The goal of the multistate committee’s research is improved drainage management to maintain crop productivity while significantly reducing water quality problems. 

“NCERA-217 has been instrumental in promoting research and information-sharing on new technologies and strategies for agriculture to achieve these goals,” said Kanwar. “These include bioreactors and controlled drainage, living mulch and nutrient management practices.”

The team has helped develop federal USDA Natural Resource Conservation Service standards for several conservation practices, including saturated buffers, a technology that scientists at Iowa State and USDA ARS originated. A saturated buffer reroutes drainage tiles so water enters a vegetated streamside area where plants and soil microorganisms treat and reduce nitrates before it reaches the waterway.
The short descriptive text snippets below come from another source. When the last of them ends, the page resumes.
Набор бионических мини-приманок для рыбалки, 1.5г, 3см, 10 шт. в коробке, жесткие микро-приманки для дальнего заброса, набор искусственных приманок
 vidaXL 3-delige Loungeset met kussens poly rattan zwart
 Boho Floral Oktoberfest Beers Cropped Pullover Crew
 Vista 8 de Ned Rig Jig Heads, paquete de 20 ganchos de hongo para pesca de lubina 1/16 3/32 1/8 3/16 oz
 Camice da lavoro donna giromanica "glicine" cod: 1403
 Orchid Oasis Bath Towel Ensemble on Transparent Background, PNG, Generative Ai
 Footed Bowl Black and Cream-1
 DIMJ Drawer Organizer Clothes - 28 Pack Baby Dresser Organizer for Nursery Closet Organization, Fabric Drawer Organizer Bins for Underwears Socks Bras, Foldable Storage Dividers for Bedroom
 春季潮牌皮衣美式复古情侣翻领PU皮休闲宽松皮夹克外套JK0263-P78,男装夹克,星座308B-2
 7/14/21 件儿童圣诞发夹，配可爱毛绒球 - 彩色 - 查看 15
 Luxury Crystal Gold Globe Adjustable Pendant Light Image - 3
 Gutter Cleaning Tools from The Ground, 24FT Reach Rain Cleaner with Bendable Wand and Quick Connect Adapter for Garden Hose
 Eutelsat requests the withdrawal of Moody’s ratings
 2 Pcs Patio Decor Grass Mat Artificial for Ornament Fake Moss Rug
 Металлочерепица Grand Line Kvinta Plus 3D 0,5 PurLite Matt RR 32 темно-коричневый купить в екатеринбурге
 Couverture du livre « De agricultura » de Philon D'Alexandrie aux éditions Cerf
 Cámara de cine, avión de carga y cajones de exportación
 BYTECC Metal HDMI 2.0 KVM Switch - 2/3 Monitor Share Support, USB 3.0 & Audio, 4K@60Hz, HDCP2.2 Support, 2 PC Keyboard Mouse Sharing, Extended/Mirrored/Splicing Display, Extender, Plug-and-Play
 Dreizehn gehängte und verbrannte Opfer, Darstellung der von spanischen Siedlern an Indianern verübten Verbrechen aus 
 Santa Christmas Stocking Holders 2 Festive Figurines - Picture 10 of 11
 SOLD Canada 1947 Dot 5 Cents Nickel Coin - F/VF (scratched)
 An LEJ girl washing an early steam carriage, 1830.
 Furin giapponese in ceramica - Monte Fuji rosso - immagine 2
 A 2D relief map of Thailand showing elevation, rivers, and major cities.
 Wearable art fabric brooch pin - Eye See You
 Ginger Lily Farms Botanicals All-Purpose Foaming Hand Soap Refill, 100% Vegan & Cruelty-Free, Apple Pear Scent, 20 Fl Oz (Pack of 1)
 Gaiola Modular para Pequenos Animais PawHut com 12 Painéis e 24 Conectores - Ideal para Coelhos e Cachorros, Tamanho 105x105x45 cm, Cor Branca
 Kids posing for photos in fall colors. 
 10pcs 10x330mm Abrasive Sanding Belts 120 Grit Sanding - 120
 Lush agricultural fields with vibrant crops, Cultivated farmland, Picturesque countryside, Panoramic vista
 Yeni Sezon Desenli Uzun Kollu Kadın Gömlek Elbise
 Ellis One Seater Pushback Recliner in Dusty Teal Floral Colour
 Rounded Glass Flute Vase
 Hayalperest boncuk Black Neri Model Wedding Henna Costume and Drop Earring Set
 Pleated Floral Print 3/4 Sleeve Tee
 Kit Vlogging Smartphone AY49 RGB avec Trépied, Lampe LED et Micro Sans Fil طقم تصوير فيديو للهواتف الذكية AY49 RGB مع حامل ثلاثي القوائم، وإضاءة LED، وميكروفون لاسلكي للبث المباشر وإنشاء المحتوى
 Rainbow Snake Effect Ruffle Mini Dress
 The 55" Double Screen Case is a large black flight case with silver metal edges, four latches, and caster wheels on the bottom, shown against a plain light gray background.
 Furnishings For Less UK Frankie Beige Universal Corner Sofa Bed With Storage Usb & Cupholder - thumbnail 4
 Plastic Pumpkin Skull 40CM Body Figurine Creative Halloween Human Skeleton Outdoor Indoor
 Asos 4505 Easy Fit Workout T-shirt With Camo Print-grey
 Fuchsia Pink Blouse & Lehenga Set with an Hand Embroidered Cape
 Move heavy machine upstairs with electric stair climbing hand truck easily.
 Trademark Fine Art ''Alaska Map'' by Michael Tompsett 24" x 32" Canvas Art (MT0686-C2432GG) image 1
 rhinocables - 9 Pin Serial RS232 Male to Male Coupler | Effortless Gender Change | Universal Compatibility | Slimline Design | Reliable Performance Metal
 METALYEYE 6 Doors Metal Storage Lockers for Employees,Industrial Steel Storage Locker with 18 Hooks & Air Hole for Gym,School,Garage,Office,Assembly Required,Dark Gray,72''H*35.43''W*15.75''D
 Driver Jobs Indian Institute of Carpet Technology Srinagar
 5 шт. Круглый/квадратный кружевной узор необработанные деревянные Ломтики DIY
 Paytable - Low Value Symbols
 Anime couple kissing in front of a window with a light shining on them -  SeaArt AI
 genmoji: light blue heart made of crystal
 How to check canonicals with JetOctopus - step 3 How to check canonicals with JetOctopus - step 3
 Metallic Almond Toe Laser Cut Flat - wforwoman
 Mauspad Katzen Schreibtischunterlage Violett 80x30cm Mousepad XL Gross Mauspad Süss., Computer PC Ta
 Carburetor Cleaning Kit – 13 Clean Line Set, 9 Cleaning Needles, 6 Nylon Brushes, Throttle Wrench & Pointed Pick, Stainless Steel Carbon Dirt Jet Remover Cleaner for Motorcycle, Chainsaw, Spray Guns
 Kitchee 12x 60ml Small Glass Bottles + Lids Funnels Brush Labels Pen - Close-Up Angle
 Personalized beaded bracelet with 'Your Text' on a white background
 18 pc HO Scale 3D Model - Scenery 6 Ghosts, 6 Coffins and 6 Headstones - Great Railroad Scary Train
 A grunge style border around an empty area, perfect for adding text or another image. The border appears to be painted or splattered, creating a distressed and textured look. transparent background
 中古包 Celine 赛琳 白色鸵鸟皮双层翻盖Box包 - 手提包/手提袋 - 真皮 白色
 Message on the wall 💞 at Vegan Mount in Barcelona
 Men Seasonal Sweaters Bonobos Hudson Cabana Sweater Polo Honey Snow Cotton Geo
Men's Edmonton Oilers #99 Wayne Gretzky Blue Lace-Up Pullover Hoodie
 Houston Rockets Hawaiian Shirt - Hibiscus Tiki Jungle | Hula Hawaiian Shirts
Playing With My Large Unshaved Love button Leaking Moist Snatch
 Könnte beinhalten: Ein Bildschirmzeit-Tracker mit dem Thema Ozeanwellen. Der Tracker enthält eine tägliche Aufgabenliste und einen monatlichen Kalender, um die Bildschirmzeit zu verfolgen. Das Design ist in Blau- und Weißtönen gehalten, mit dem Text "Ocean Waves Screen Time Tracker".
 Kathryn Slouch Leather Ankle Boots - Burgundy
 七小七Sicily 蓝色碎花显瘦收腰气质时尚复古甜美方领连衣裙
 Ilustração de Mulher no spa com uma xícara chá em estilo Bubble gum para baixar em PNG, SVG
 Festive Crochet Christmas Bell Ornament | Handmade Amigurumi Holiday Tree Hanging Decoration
“Our research committee has been a uniquely effective example of working together to minimize problems through sharing knowledge,” Kanwar said. “We’ve had a lot of interest from private industry, agricultural groups and state agencies that have been valuable partners.”

The team has won two awards for multistate extension publications. The most recent, “Questions and Answers about Saturated Buffers for the Midwest,” was co-authored by Jaynes, Tom Isenhart, professor of natural resource ecology and management at Iowa State, Chris Hay, senior environmental scientist at the Iowa Soybean Association, and other researchers.

The group meets annually and has organized educational symposia and field days. Related collaborative efforts include the Transforming Drainage Project, an effort aimed at assessing and developing new water storage practices and technologies for drained agricultural landscapes.

More information on the impacts of NCERA-217’s Multistate Research Committee are at  https://www.nimss.org/projects/16216.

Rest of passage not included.